EEOC Headquarters Move Stirs Revolt Among Staff


By Bill Leonard May 15, 2007

At a government agency that prides itself on protecting the rights of workers—the U.S. Equal Employment Opportunity Commission (EEOC)—trouble is brewing among workers.

Some members of the staff, who asked to remain anonymous, say the current atmosphere at the EEOC headquarters in downtown Washington, D.C., is more akin to “Mutiny on the Bounty” than working for a federal agency with a reputation for friendly workplace policies. The controversy swirls around a plan to relocate the commission’s headquarters to a rougher transitional neighborhood in Northeast Washington known as NoMa (North of Massachusetts Avenue).

The move is part of a broader strategic effort to lower the agency’s overhead costs and free up resources to help reduce a growing backlog of employment discrimination complaints, according to EEOC Chair Naomi Earp. At the end of 2006, the EEOC had an “excess inventory” of approximately 40,000 employment-related claims waiting to be processed—an increase of 19 percent from 2005. Some government projections show that the case backlog could reach 67,000 by September 2008.

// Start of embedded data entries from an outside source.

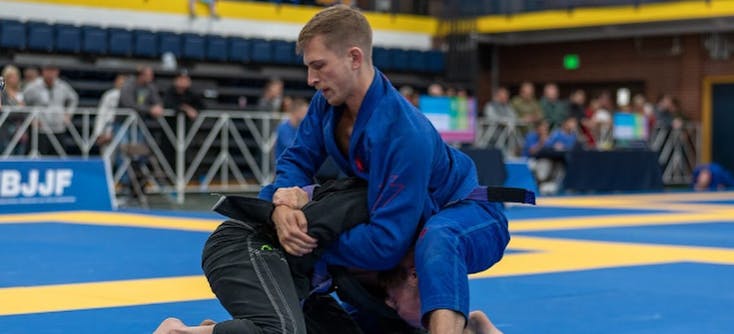 Tom gets his opponent in a kimura hold.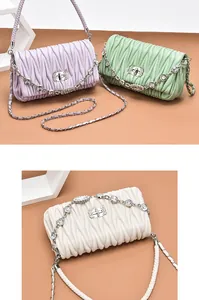 Detailed view of matelassé quilted bag texture with rhinestone lock and chain strap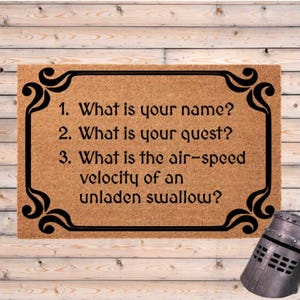 May include: A rectangular doormat with a light brown background and black decorative border. The text reads: "1. What is your name? 2. What is your quest? 3. What is the air-speed velocity of an unladen swallow?" A knight's helmet is in the corner.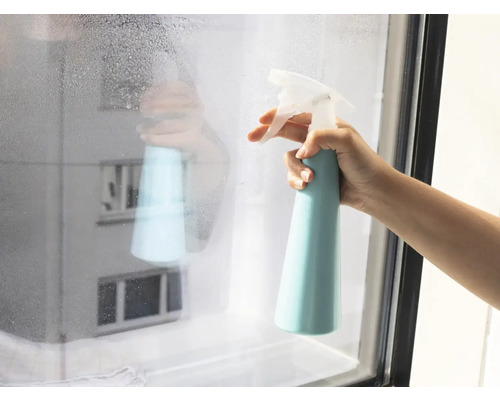 Ruka stříká čistič na okno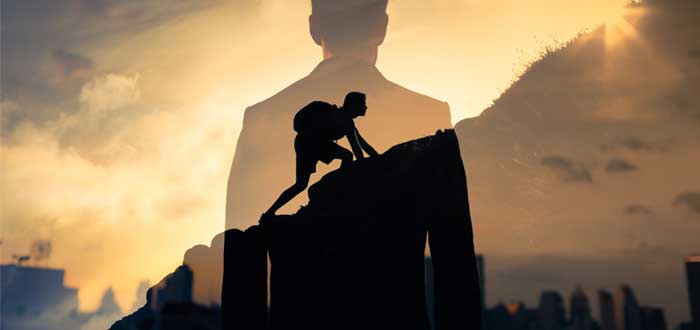Silueta de un hombre de espaldas superpuesta a una silueta de hombre subiendo una montaña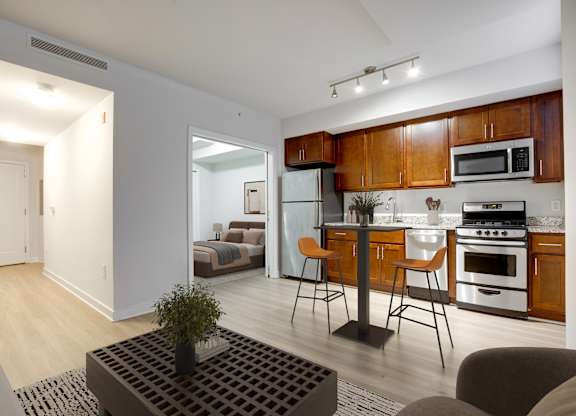 A modern kitchen with wooden cabinets and stainless steel appliances.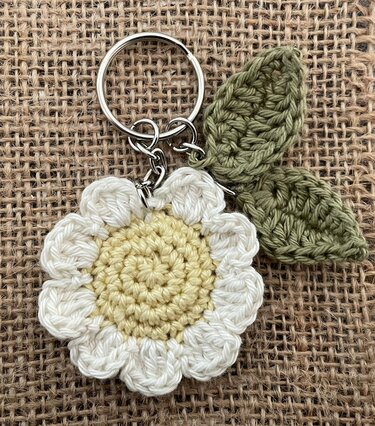 Nahaufnahme eines gehäkelten Gänseblümchen-Schlüsselanhängers mit cremeweißen Blütenblättern, hellgelber Mitte und zwei grünen Blättern an einem Metallring auf Jute.
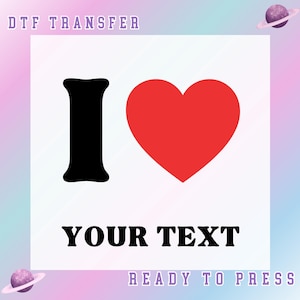 May include: A DTF transfer design with a black letter "I" and a red heart, with the words "YOUR TEXT" in bold black font. The design is set against a white background with a pastel gradient. The text "READY TO PRESS" is also included.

The EEOC headquarters now sits in a desirable location in the middle of Northwest Washington—several blocks from the White House. Officials from the EEOC and the General Services Administration (GSA) would not confirm the new location of the headquarters, saying that a lease agreement had not yet been finalized. The government’s procurement rules prohibit anyone at the EEOC or GSA from discussing the matter publicly until the negotiations are complete, according to officials from the agencies.

However, Earp did not deny that the agency would move to the NoMa neighborhood and told members of a Senate subcommittee that members of the EEOC staff had made some “pretty good guesses” as to where the new headquarters might be located.

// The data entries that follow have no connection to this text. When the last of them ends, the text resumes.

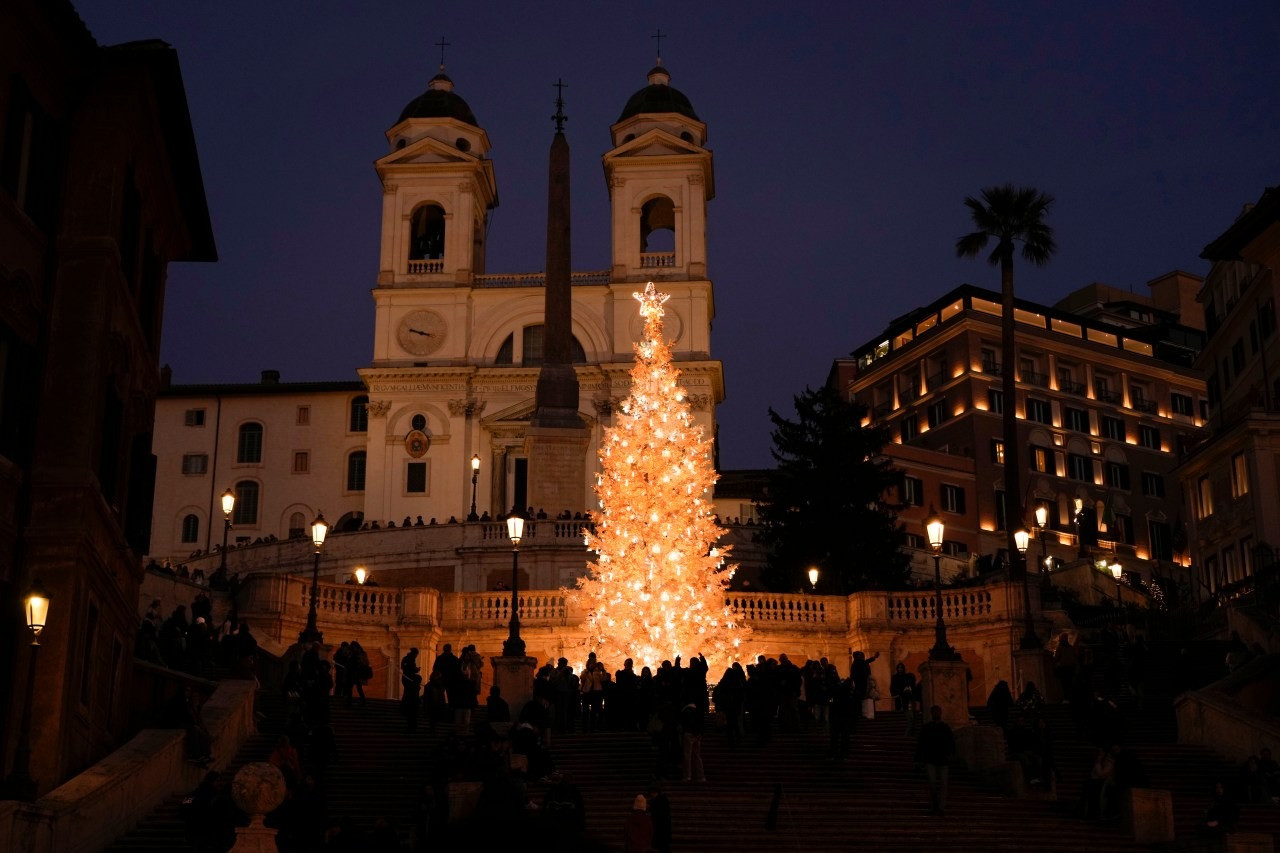 Du khách chụp ảnh bên cây thông ở Rome (Ý). Ảnh: AP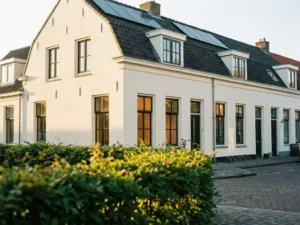 Geïsoleerde Nederlandse rijtjeswoning met dubbele beglazing en zonnepanelen op het dak, crèmewitte gevel in warm middaglicht.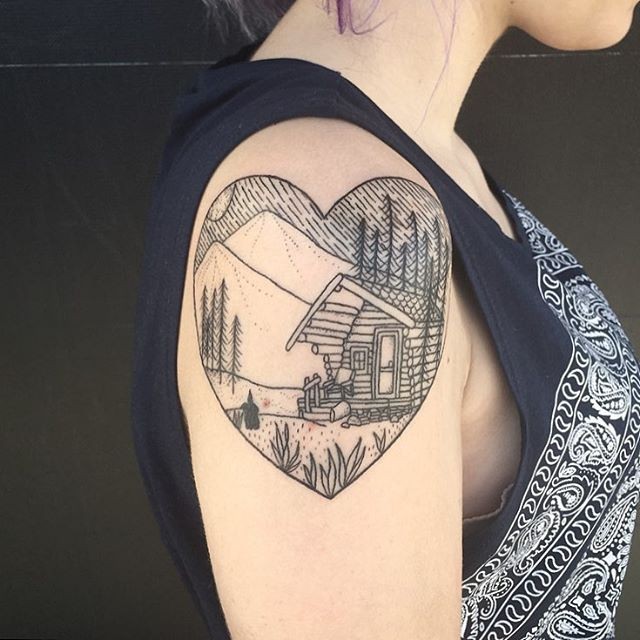 Vintage style black ink heart shaped tattoo on shoulder with old house in mountain forest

“After all, many members of the EEOC staff are very well-trained federal investigators,” Earp told the subcommittee during testimony on May 3.

However, Earp reiterated that no one at the commission could comment further on the site selection, saying only that a lease could be signed by the end of May. The EEOC’s current lease expires in June 2008. Earp told the subcommittee that it would take a least one year to prepare a site to meet the agency’s needs.

Sen. Barbara Mikulski, D-Md., chair of the Subcommittee for Commerce, Justice and Science, called for the hearing to examine the EEOC budget request for fiscal year 2008. Mikulski said that she was concerned that EEOC did not seek an increase in staff over the 2,381 full-time employees budgeted for 2007. In addition, she expressed concern over the fact that the EEOC’s budget has not increased for the past five years.

“We are here today to find out if the EEOC has the appropriate resources do its job and enforce federal employment discrimination laws,” Mikulski said. “If the EEOC needs more resources, then we can try and make sure that happens.”

Mikulski questioned Earp about the impending headquarters relocation, saying she was troubled by reports in the news media about the rising discontent among the EEOC staff. Earp assured the subcommittee that her staff was working with the GSA to come up with the best and most cost-efficient options.

“Frankly, the current landlord does not want to renew our lease and plans to renovate the building completely,” Earp said. “We have no other choice, and the agency will have to relocate. Our job now is to find a site that best fits the commission’s needs.”

Mikulski did ask Earp if her staff was working with the GSA to make the site selection. When Earp replied that her office had gone through the proper channels with the GSA, Mikulski appeared satisfied with the answer.

In late April, Earp met with members of the EEOC headquarters staff about the relocation. The meeting, according to several sources, was contentious, with many employees complaining that they had not been consulted and that the new headquarters site was being thrust upon them. Several e-mails expressing concern about the new headquarters site circulated among newspapers and media outlets in Washington.

“While the area may be classified as a ‘prime commercial office district’ by some pre-determined standard, the reality is that residents of the Washington, D.C., metropolitan area do not consider it to be so,” read one e-mail. “It is generally considered to be a wasteland of dance clubs, empty warehouses, hotels/motels and high crime.”

Other members of the EEOC staff have predicted that relocating to the Northeast Washington neighborhood would spark mass resignations and retirements from the agency. One person speculated that at least three-quarters of the EEOC headquarters staff would quit if the NoMa site was chosen. Approximately 500 people now work at the EEOC headquarters in downtown Washington.

Earp issued a memo to the EEOC staff stating that the agency’s options are limited and that rejecting any site recommended by the GSA would initiate another lengthy procurement process and a lease extension, which could cost the agency a lot of money in the long run.

“The EEOC is defined not by our headquarters address but by our passion, determination and commitment to promoting equal employment opportunities,” Earp wrote in the memo. “That said, I understand that this is an issue of extreme importance to you and I want to reassure you that I intend to make the move as smooth as possible.”

Bill Leonard is senior writer for HR News.